United States v. Brown

JUDGMENT

PER CURIAM.

This appeal was considered on the record from the United States District Court for the District of Columbia and on the briefs and arguments of the parties. It is

ORDERED AND ADJUDGED that the appellant’s conviction be affirmed. We doubt, but need not decide, whether the district court’s evidentiary rulings were erroneous because we conclude that even if they were, they “did not have [a] ‘substantial and injurious effect in determining the jury’s verdict.’” United States v. King, 254 F.3d 1098, 1101 (D.C.Cir.2001) (quoting Kotteakos v. United States, 328 U.S. 750, 776, 66 S.Ct. 1239, 90 L.Ed. 1557 (1946)).

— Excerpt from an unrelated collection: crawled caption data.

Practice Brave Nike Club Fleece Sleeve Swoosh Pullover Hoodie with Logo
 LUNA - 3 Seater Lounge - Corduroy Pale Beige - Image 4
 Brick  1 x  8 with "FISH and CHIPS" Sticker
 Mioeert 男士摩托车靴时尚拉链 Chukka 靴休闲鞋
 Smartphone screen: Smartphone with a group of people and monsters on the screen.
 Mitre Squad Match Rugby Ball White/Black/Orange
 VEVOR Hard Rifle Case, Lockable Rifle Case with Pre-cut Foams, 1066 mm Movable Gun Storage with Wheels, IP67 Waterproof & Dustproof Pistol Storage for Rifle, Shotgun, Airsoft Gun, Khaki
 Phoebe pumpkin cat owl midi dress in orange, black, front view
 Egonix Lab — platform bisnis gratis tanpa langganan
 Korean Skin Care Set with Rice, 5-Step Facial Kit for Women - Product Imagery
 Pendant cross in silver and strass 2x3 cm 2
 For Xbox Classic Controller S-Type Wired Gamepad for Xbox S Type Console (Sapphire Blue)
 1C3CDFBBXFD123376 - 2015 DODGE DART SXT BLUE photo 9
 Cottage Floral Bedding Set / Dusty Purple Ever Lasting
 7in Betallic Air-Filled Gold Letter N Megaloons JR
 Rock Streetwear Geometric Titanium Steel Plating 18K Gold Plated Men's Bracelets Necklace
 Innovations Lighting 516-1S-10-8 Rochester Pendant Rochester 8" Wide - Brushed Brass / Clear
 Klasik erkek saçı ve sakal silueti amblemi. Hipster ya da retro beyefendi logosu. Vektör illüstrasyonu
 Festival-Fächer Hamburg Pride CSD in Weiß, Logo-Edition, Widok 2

Although Old Chief v. United States, 519 U.S. 172, 117 S.Ct. 644, 136 L.Ed.2d 574 (1997), recognizes the potential for prejudice arising from evidence of similar bad acts, the case does not announce a rule that such evidence “has an automatic unfair and substantial prejudicial effect on the jury.” United States v. Cassell, 292 F.3d 788, 796 (D.C.Cir.2002). In this case it is unlikely that the jury drew any inference of propensity, or indeed was even conscious that evidence of any other gun possession was introduced at all. "Whatever inculpatory inferences the jury may have drawn from the challenged testimony could only have been minimal. Meanwhile, with regard to the only contested issue in the case (knowing possession), the Government’s evidence was overwhelming: three officers testified that the gun was found in Brown’s waistband. The two defense witnesses to the arrest both testified merely that they never saw any gun at the scene, not that they saw officers produce the gun from the van.

Pursuant to D.C. Circuit Rule 36, this disposition will not be published. The Clerk is directed to withhold issuance of the mandate herein until seven days after resolution of any timely petition for rehearing or rehearing en banc. See Fed. R.App. P. 41(b); D.C.Cir. Rule 41.